INFORMATION SUPPLIED:
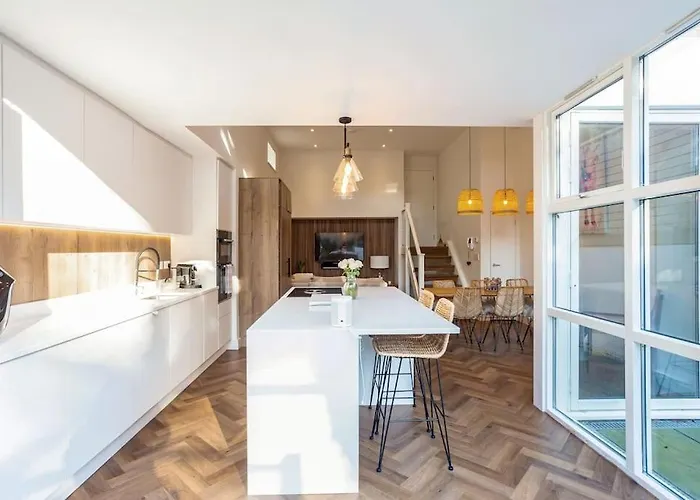 Family Home Close To Bournemouth Town Centre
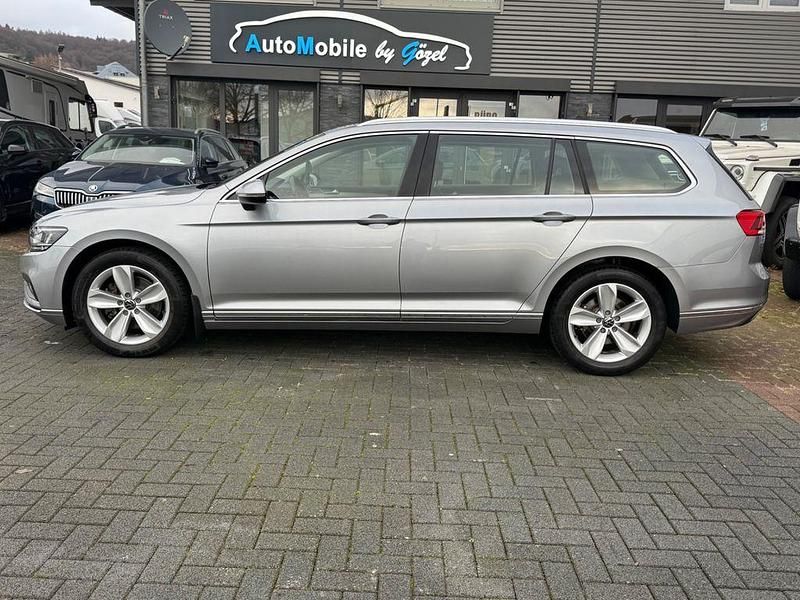 Gebraucht VW Passat Elegance 200 PS (147 kW) 2024 Silber Kombi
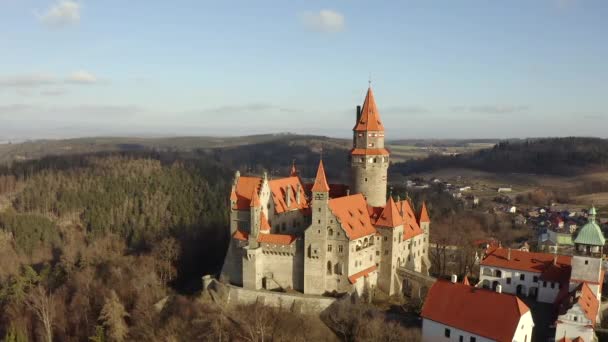 Αεροπλάνο Φρούριο Στο Κάστρο Bouzov Hrad Στη Μοραβία Της Τσεχίας — Αρχείο Βίντεο
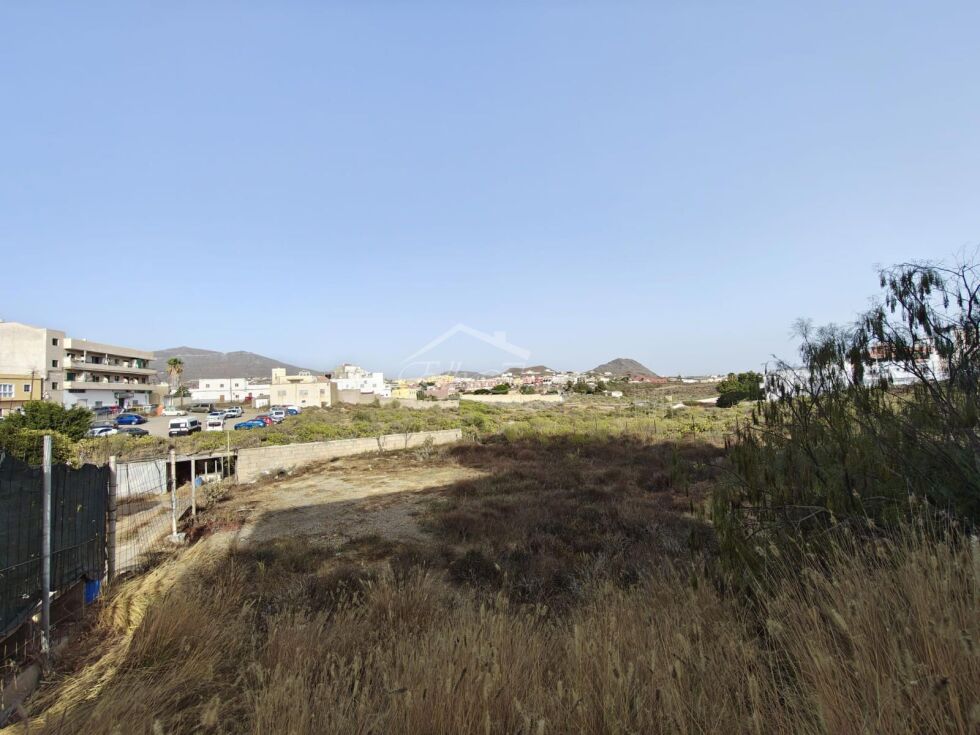 Independent house for sale in  Arona, Spain - 6006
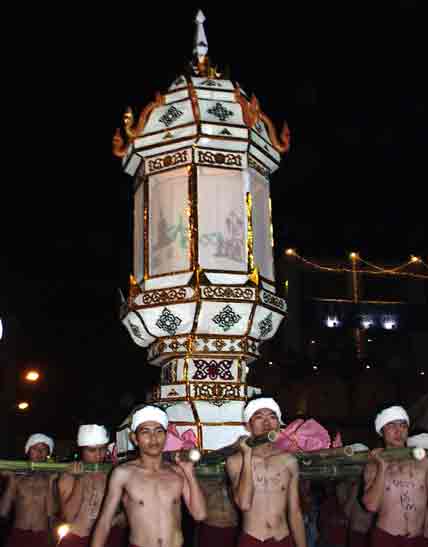 [写真]ローイ・グラトン祭りの巨大灯篭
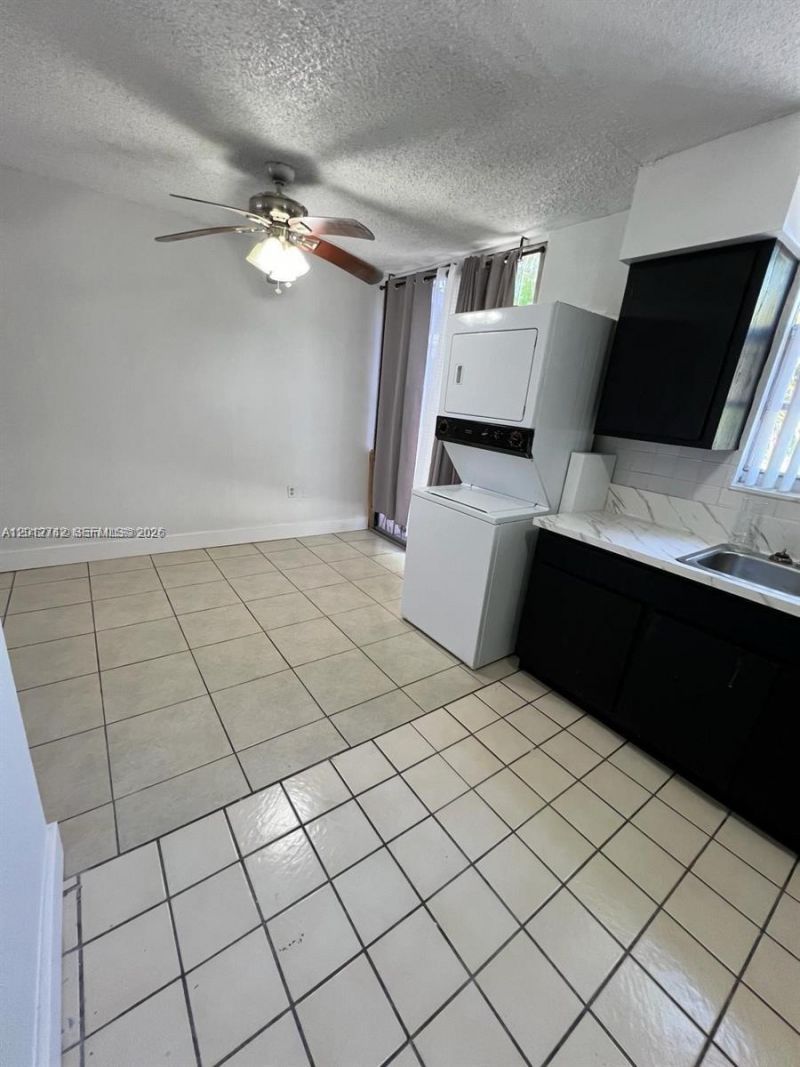 6133 SW 69th St , Unit 38, South Miami, FL 33143 Photo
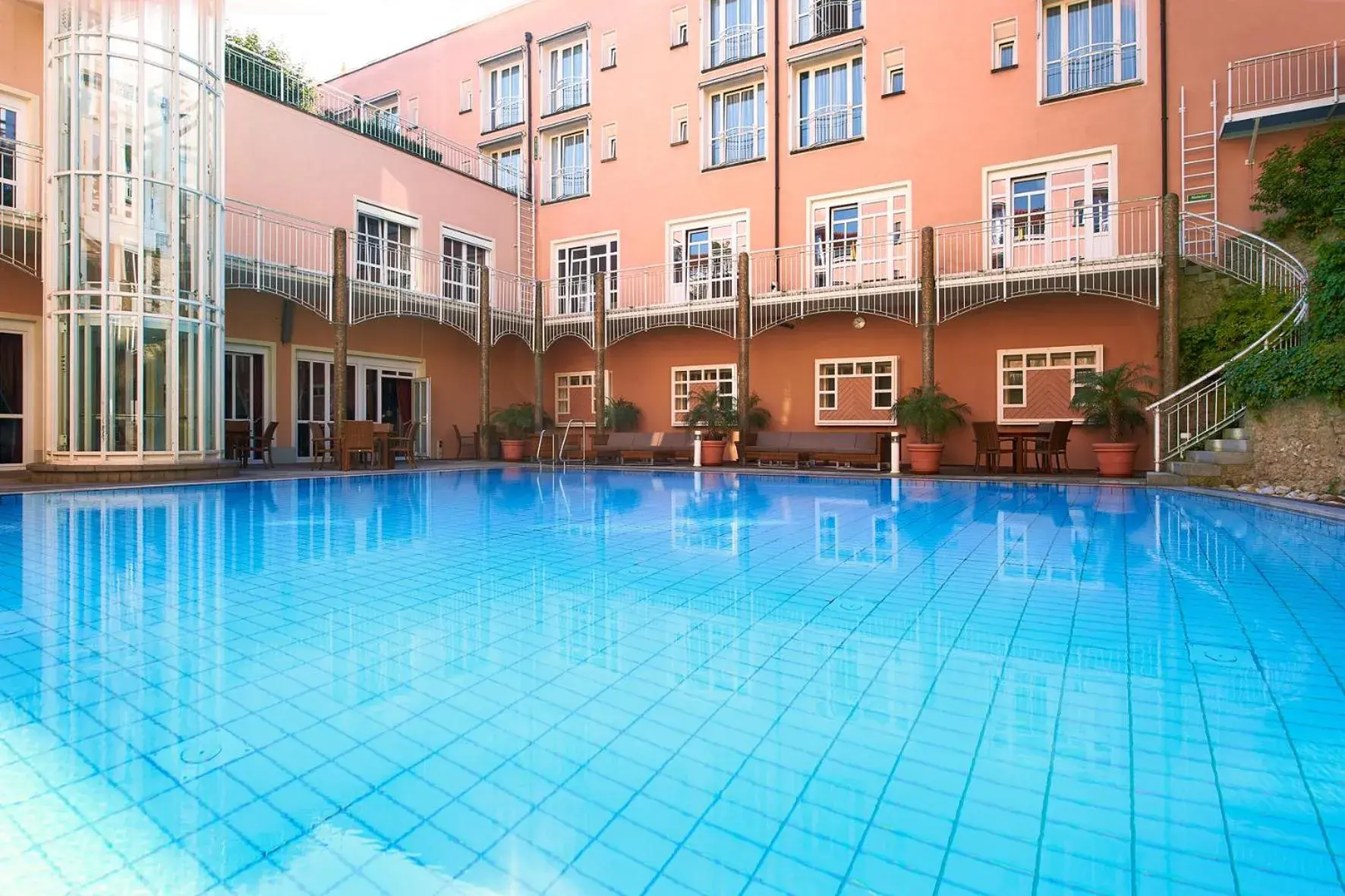 Swimming Pool in Hotel Maximilian - Wellness und Golfhotel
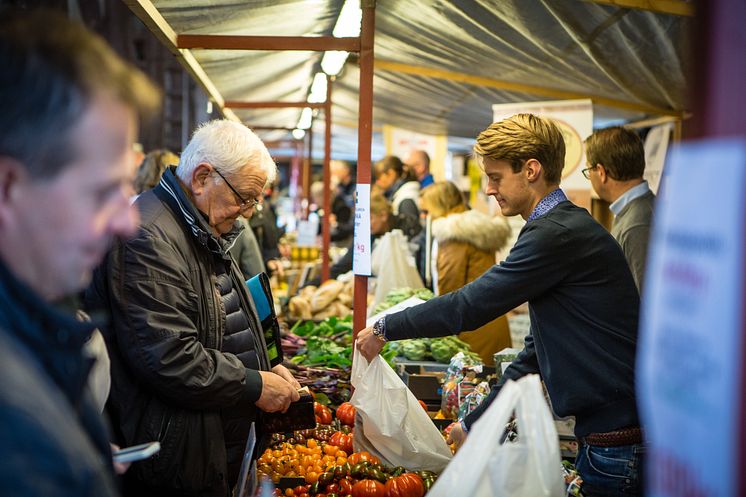 Matutställare och hantverkare samlas i Magasinet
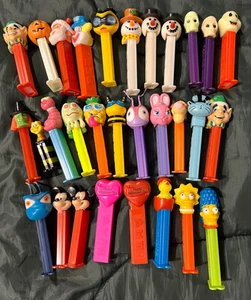 PEZ - Lot Of 30 Pez Dispensers - Nice and Clean - Picture 1 of 7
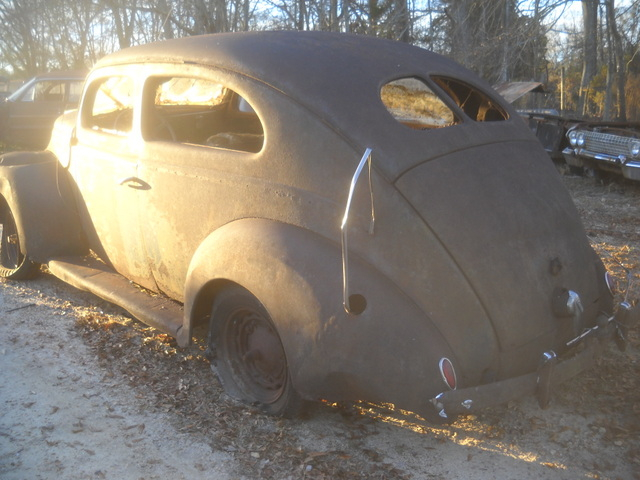 Ford DELUXE COUPE  1939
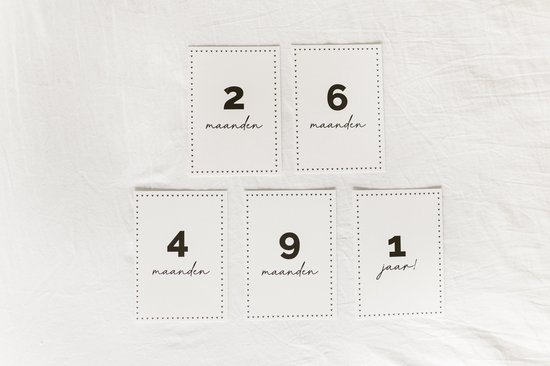 Baby mijlpaalkaarten met getallen en de tekst '2 maanden', '6 maanden', '4 maanden', '9 maanden', '1 jaar'.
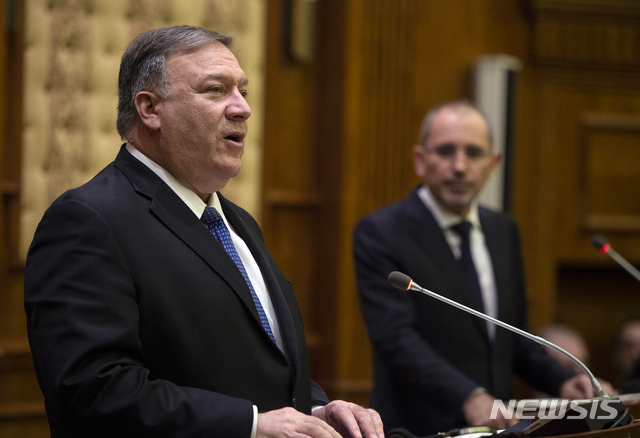 【암만(요르단)=AP/뉴시스】 마이크 폼페이오 미국 국무장관은 8일(현지시간) 요르단에서 아이만 사파디 요르단 외무장관과 회담을 마친 뒤 가진 기자회견에서 "시리아에서 미군이 철수하더라도 이라크의 이슬람국가(IS)와 레반트(ISIL)에 맞서 싸우는 역량을 약화시키지 않을 것"이라고 밝혔다. 2019.01.08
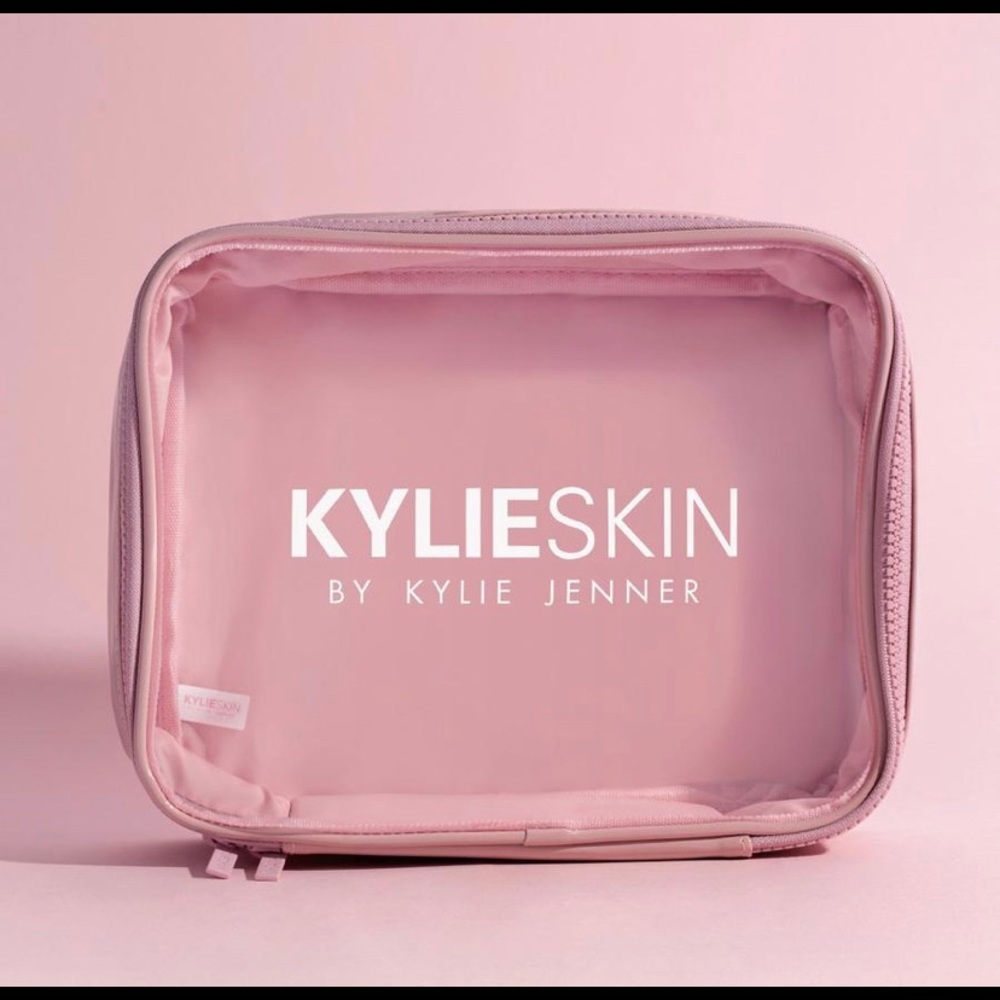 Kylie skin travel bag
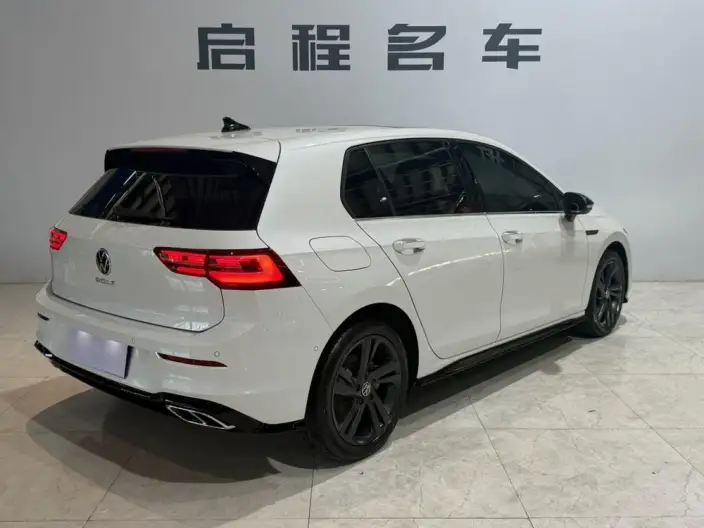 Volkswagen Golf 2023 Model 280TSI DSG R-Line 20th Anniversary Memorial – фото 6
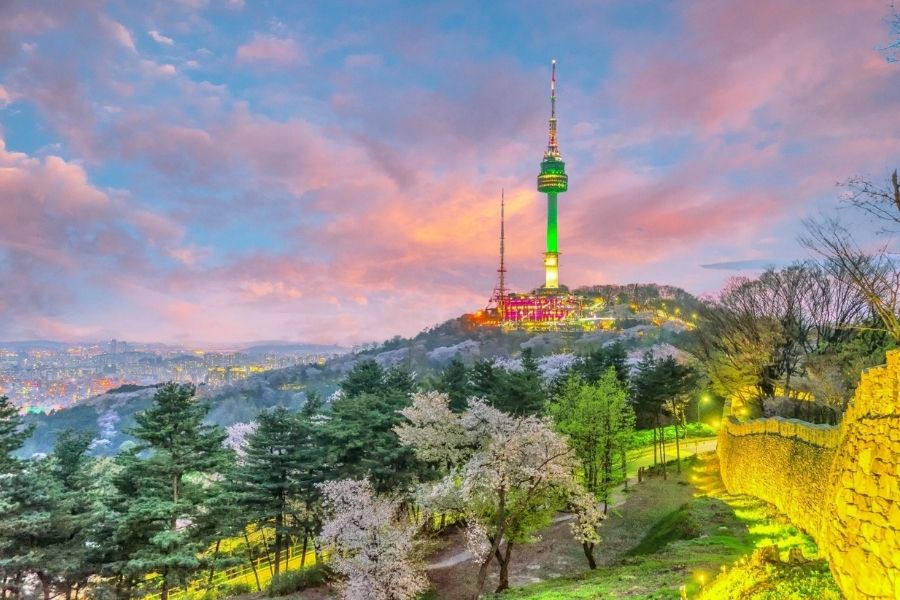 Tháp truyền hình Namsan - tour Hàn Quốc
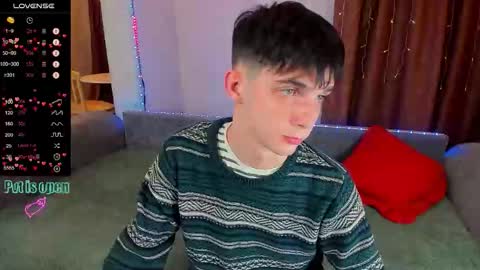 Snapshot of aaron_bang chatting on 10.27.25 Aaron Bang online show from 10.27.25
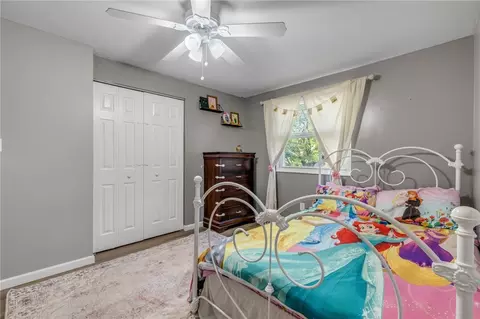 Bedroom - 10 Pheasant Run Dr, Export, PA 15632 photo 4 of 6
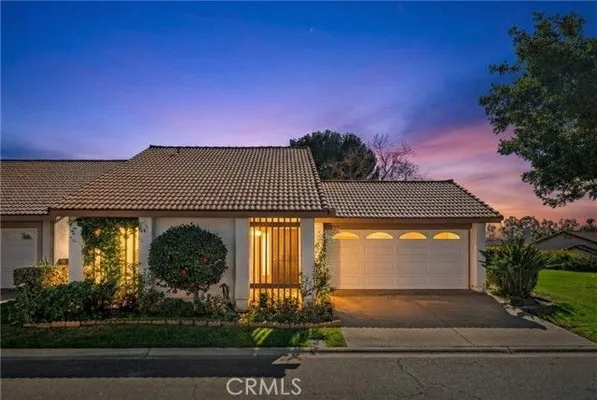 Property Slideshow image 2 of 68 | 23986 calle alonso, Mission Viejo, CA, 92692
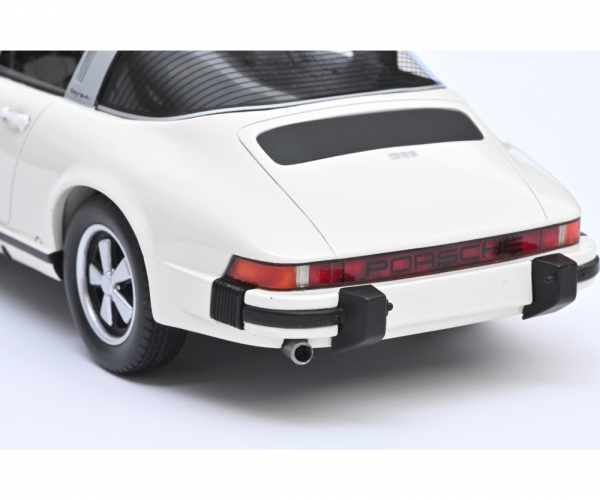 Schuco 450025700 – 1:18 Porsche 911 Targa weiß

WHAT YOU SHOULD DO:
Please return the lines from the line with "Matutställare och hantverkare" through the last line of the data, both included, exactly, and without pictures.

RESPONSE TO THE EXERCISE:
 Matutställare och hantverkare samlas i Magasinet
 PEZ - Lot Of 30 Pez Dispensers - Nice and Clean - Picture 1 of 7
 Ford DELUXE COUPE  1939
 Baby mijlpaalkaarten met getallen en de tekst '2 maanden', '6 maanden', '4 maanden', '9 maanden', '1 jaar'.
 【암만(요르단)=AP/뉴시스】 마이크 폼페이오 미국 국무장관은 8일(현지시간) 요르단에서 아이만 사파디 요르단 외무장관과 회담을 마친 뒤 가진 기자회견에서 "시리아에서 미군이 철수하더라도 이라크의 이슬람국가(IS)와 레반트(ISIL)에 맞서 싸우는 역량을 약화시키지 않을 것"이라고 밝혔다. 2019.01.08
 Kylie skin travel bag
 Volkswagen Golf 2023 Model 280TSI DSG R-Line 20th Anniversary Memorial – фото 6
 Tháp truyền hình Namsan - tour Hàn Quốc
 Snapshot of aaron_bang chatting on 10.27.25 Aaron Bang online show from 10.27.25
 Bedroom - 10 Pheasant Run Dr, Export, PA 15632 photo 4 of 6
 Property Slideshow image 2 of 68 | 23986 calle alonso, Mission Viejo, CA, 92692
 Schuco 450025700 – 1:18 Porsche 911 Targa weiß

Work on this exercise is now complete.